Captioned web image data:
⟨

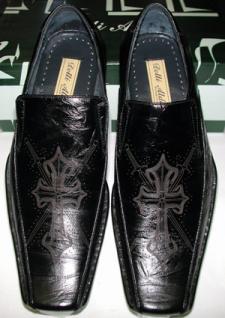  Black Leather  Church Shoes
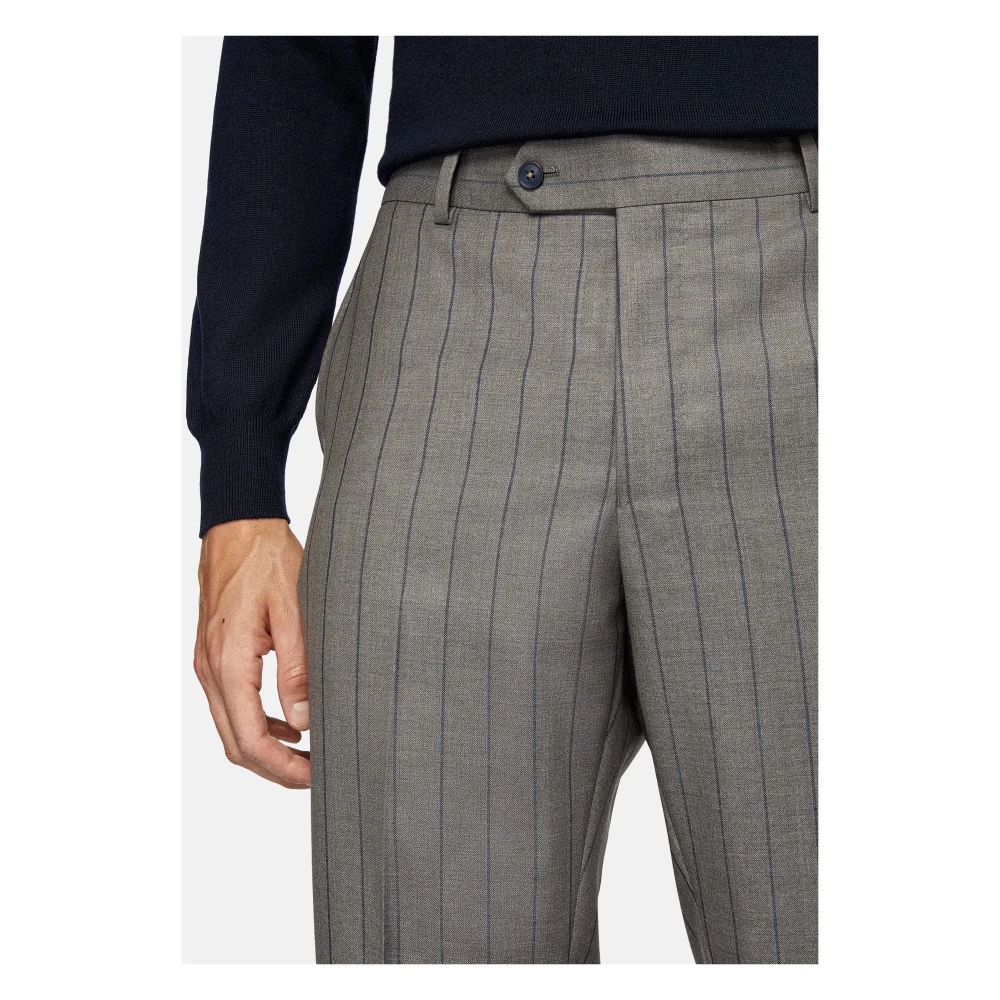 Boggi Milano Pakjes in zuivere wol met pinstripe Gray Heren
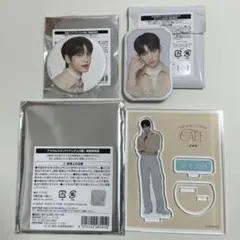 TXT CAFE MUSEUM スビン Soobin 缶バッジ アクスタ セット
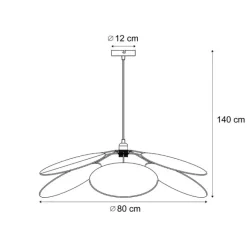 QAZQA Japandi Hängelampe Creme mit Leinenschirm - Aisha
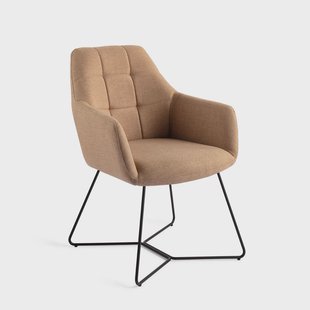 Jesper Home Eetkamerstoel 'Noto' Beehive Black, kleur Toasted Toffee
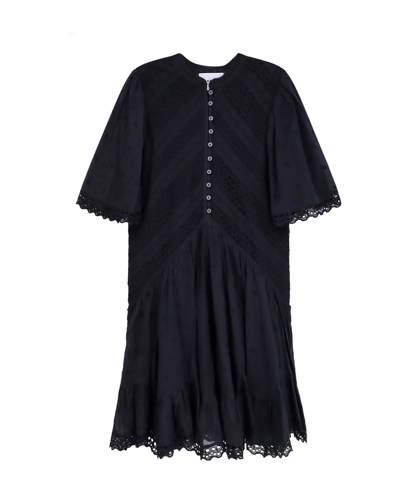 Shop Isabel Marant Étoile Slayae Mini Dress In Black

⟩

* Task objective: With the pictures set aside, copy each line above as written.

* Exercise result:
  Black Leather  Church Shoes
 Boggi Milano Pakjes in zuivere wol met pinstripe Gray Heren
 TXT CAFE MUSEUM スビン Soobin 缶バッジ アクスタ セット
 QAZQA Japandi Hängelampe Creme mit Leinenschirm - Aisha
 Jesper Home Eetkamerstoel 'Noto' Beehive Black, kleur Toasted Toffee
 Shop Isabel Marant Étoile Slayae Mini Dress In Black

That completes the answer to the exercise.